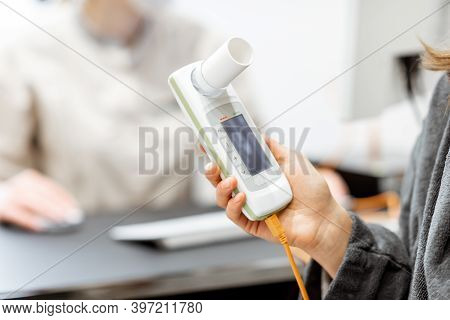 Patient Holding Spirometer, Medical Instrument For Measuring Breathing Movemnts, Close-up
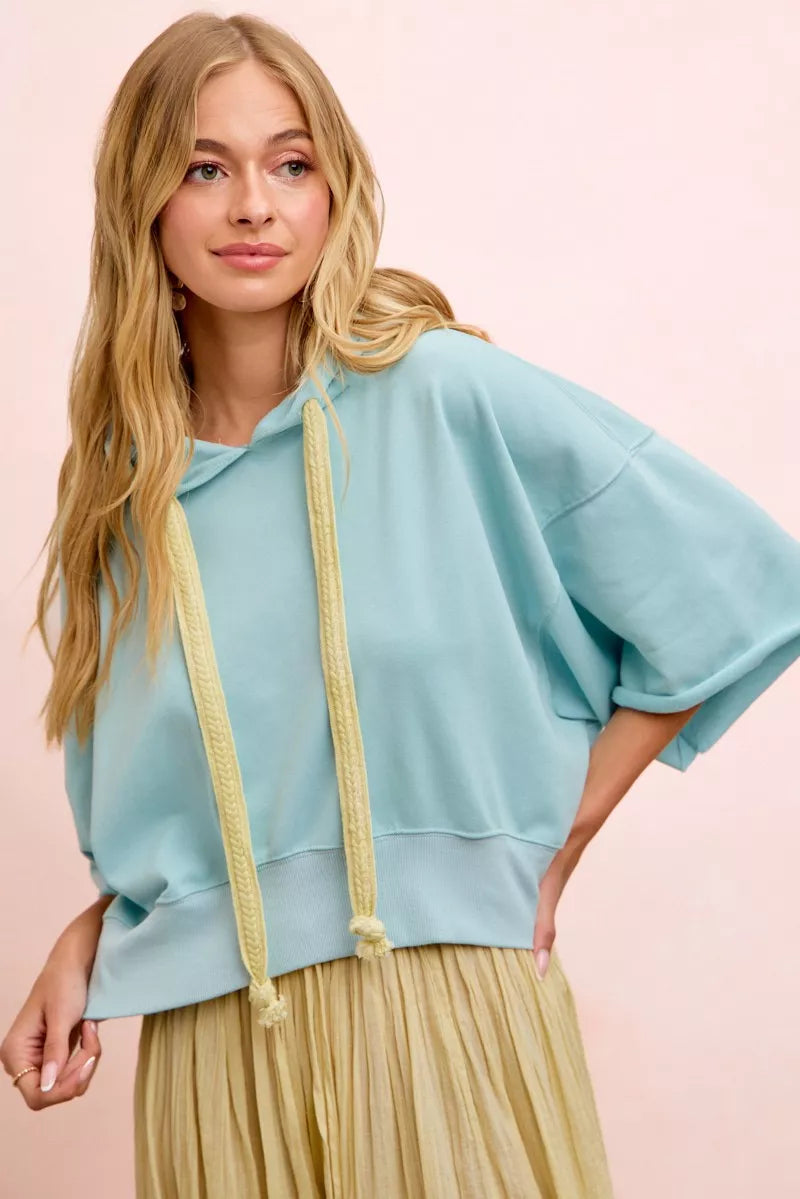 Light blue BiBi washed terry short sleeve hoodie top with drawstrings, casual and comfortable for everyday wear.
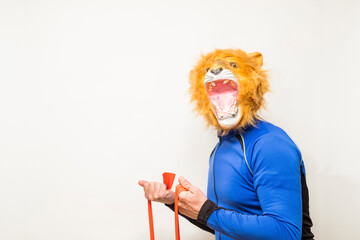 Man in a lion mask playing sport with an elastic band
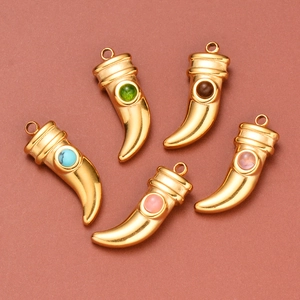 Macro view of five colorful horn pendants with inset gemstones on brown background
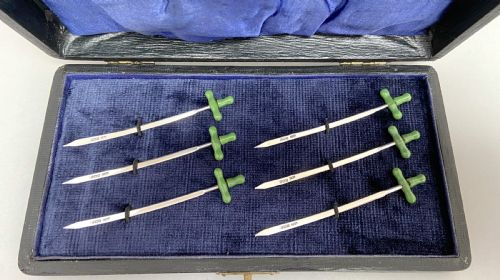 fig 1. A rare & unusual boxed set of 6 hallmarked silver cocktail sticks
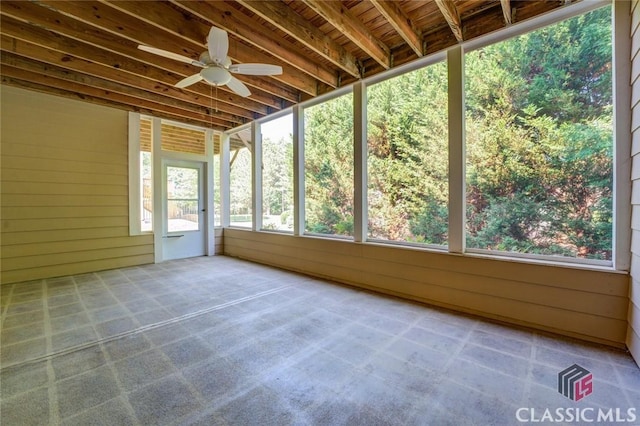 unfurnished sunroom with ceiling fan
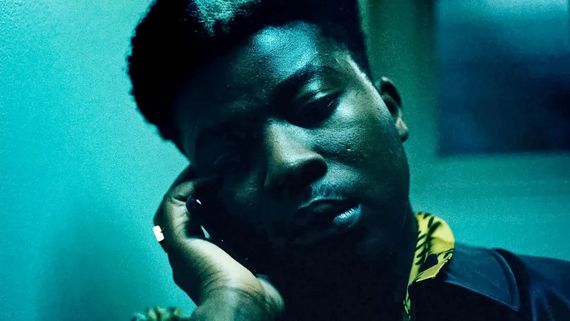 a close up of someone with their head in their hand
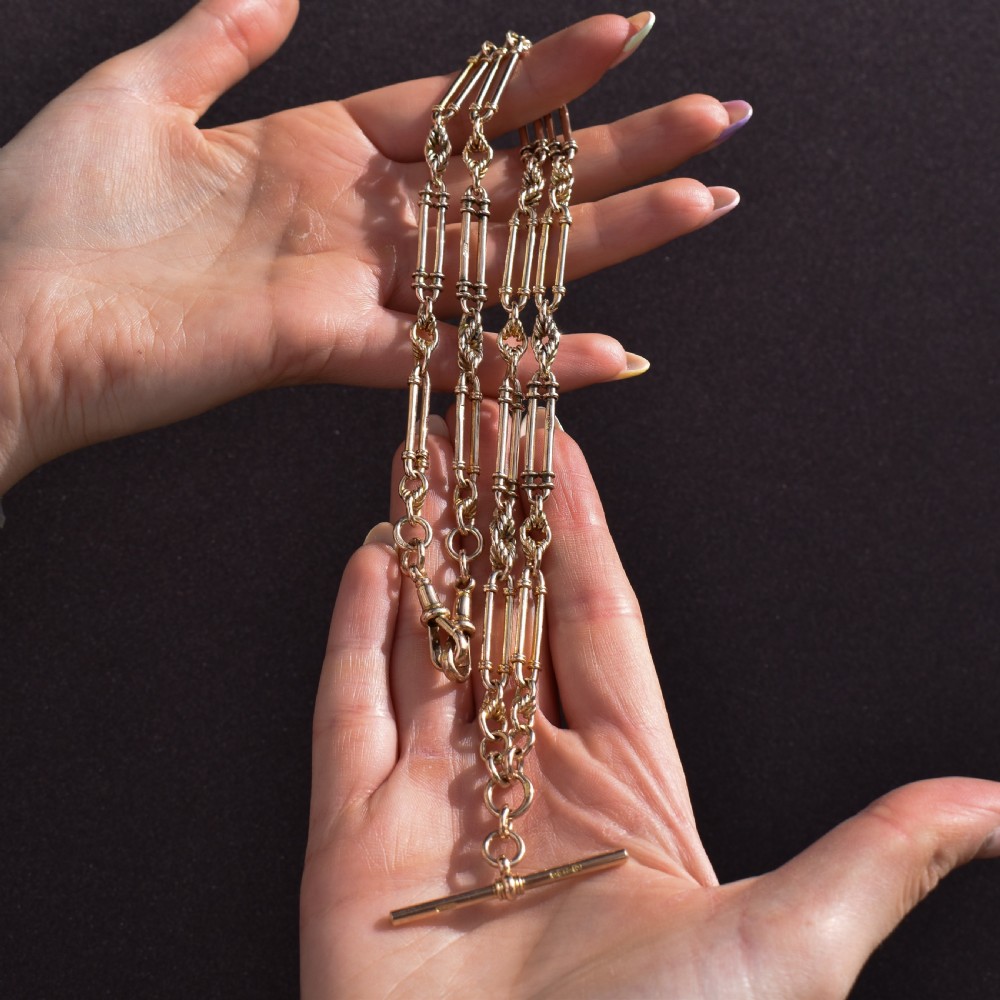 An antique 15ct yellow gold curb link Albert watch chain featuring a T-bar, dog clip, and bolt ring fastener, displayed inside a velvet fitted box. View XII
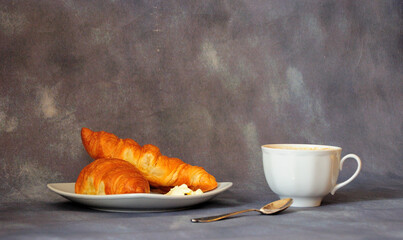 Delicious breakfast, two fresh butter croissants and a cup of cappuccino.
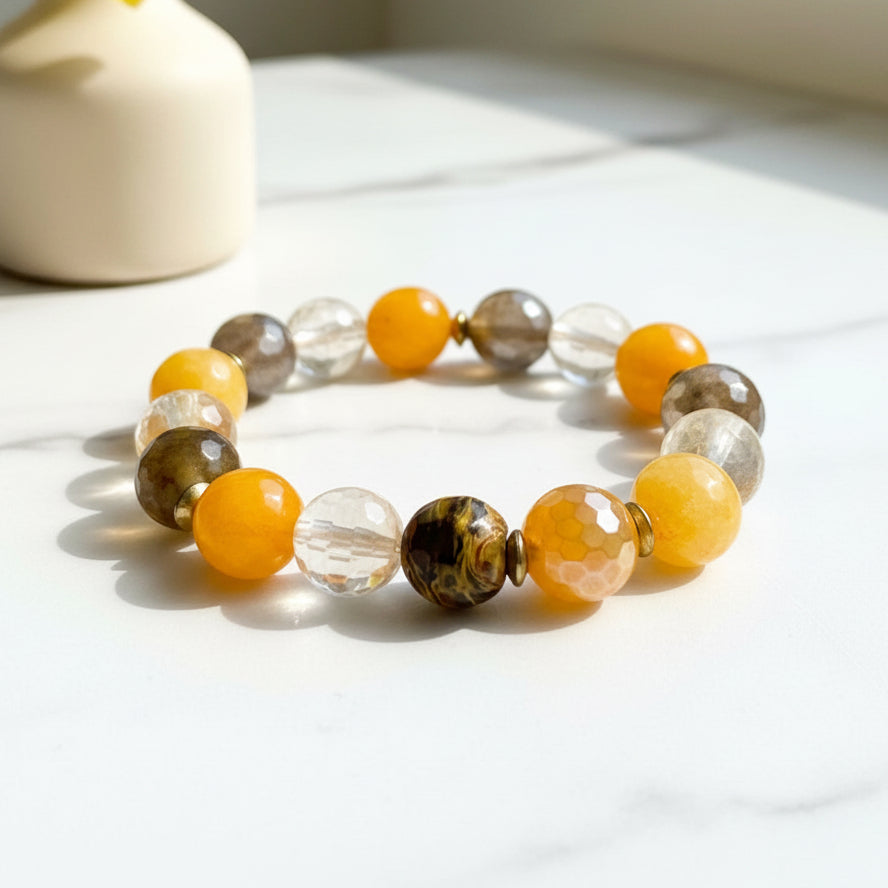 A bracelet with multicolored beads, featuring shades of yellow, brown, and clear, displayed on a neutral background.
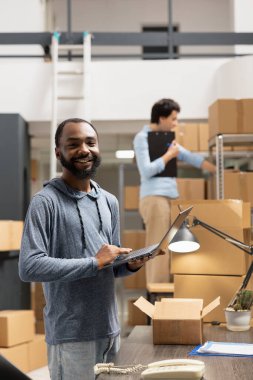 Depo çalışanı emirleri koordine etmek ve dağıtım faaliyetlerini sağlamak için dizüstü bilgisayar kullanıyor. Küçük işletme lojistik süreci. Bantlanmış kutular organize malzeme odasında hazırlanıyor..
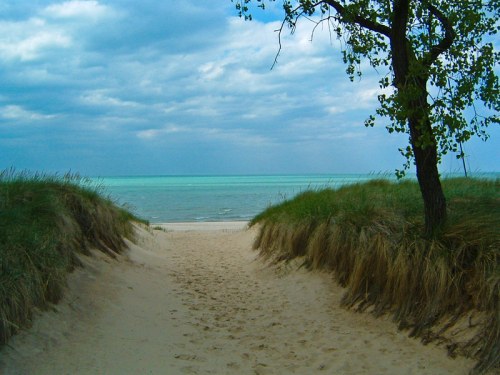 A sandy path between grassy dunes leads to a calm, turquoise sea under a cloudy sky.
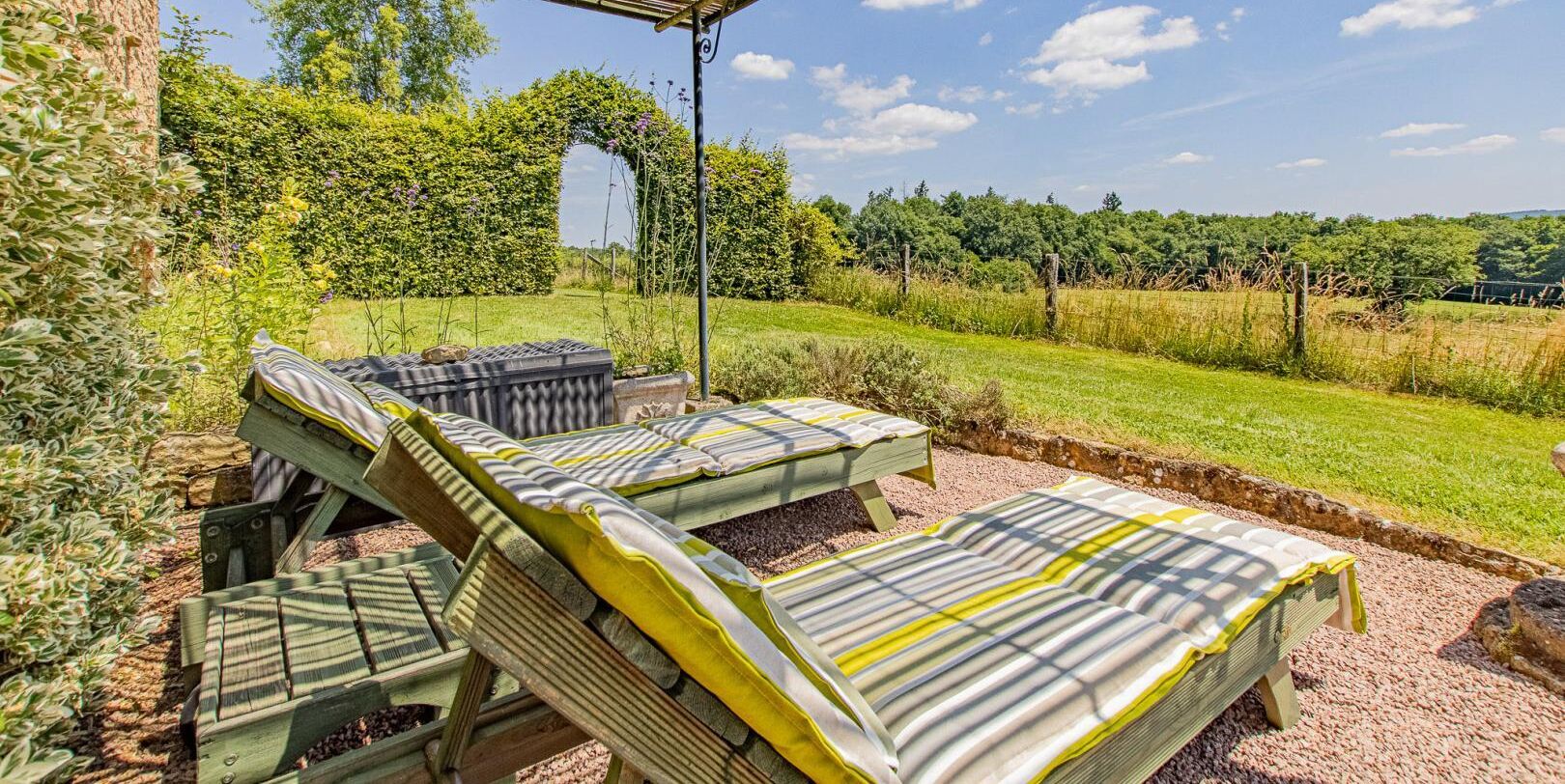 Un jardín con un banco de madera y una pérgola.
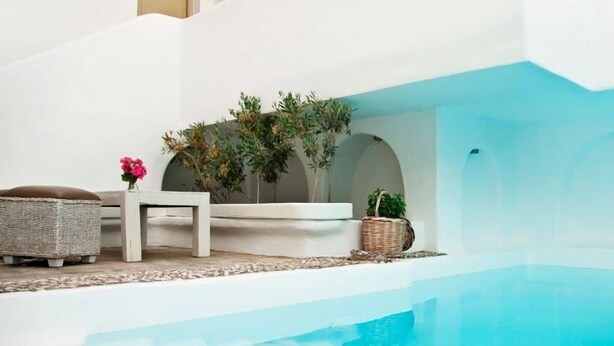 Una zona junto a la piscina con un banco blanco, un otoman de mimbre y plantas en macetas.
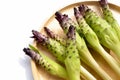 Siam tulip (Cucuma Sparganifolia), young Krachiew stem flowers on wood plate.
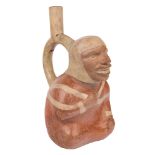 A PRE-COLUMBIAN MOCHE-STYLE FIGURAL VASE OF A SITTING MAN, PERU, C. 400 ADpolychrome-painted Moche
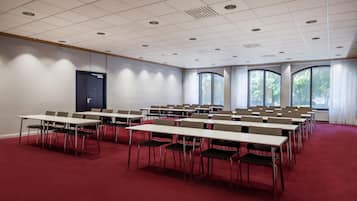 Un salón de conferencias con varias mesas y sillas, amplias ventanas y un suelo cubierto de moqueta roja.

THE TASK:
The expected response is every entry above, repeated exactly, pictures removed.

EXERCISE SOLUTION:
 Patient Holding Spirometer, Medical Instrument For Measuring Breathing Movemnts, Close-up
 Light blue BiBi washed terry short sleeve hoodie top with drawstrings, casual and comfortable for everyday wear.
 Man in a lion mask playing sport with an elastic band
 Macro view of five colorful horn pendants with inset gemstones on brown background
 fig 1. A rare & unusual boxed set of 6 hallmarked silver cocktail sticks
 unfurnished sunroom with ceiling fan
 a close up of someone with their head in their hand
 An antique 15ct yellow gold curb link Albert watch chain featuring a T-bar, dog clip, and bolt ring fastener, displayed inside a velvet fitted box. View XII
 Delicious breakfast, two fresh butter croissants and a cup of cappuccino.
 A bracelet with multicolored beads, featuring shades of yellow, brown, and clear, displayed on a neutral background.
 Depo çalışanı emirleri koordine etmek ve dağıtım faaliyetlerini sağlamak için dizüstü bilgisayar kullanıyor. Küçük işletme lojistik süreci. Bantlanmış kutular organize malzeme odasında hazırlanıyor..
 A sandy path between grassy dunes leads to a calm, turquoise sea under a cloudy sky.
 Un jardín con un banco de madera y una pérgola.
 Una zona junto a la piscina con un banco blanco, un otoman de mimbre y plantas en macetas.
 Siam tulip (Cucuma Sparganifolia), young Krachiew stem flowers on wood plate.
 A PRE-COLUMBIAN MOCHE-STYLE FIGURAL VASE OF A SITTING MAN, PERU, C. 400 ADpolychrome-painted Moche
 Un salón de conferencias con varias mesas y sillas, amplias ventanas y un suelo cubierto de moqueta roja.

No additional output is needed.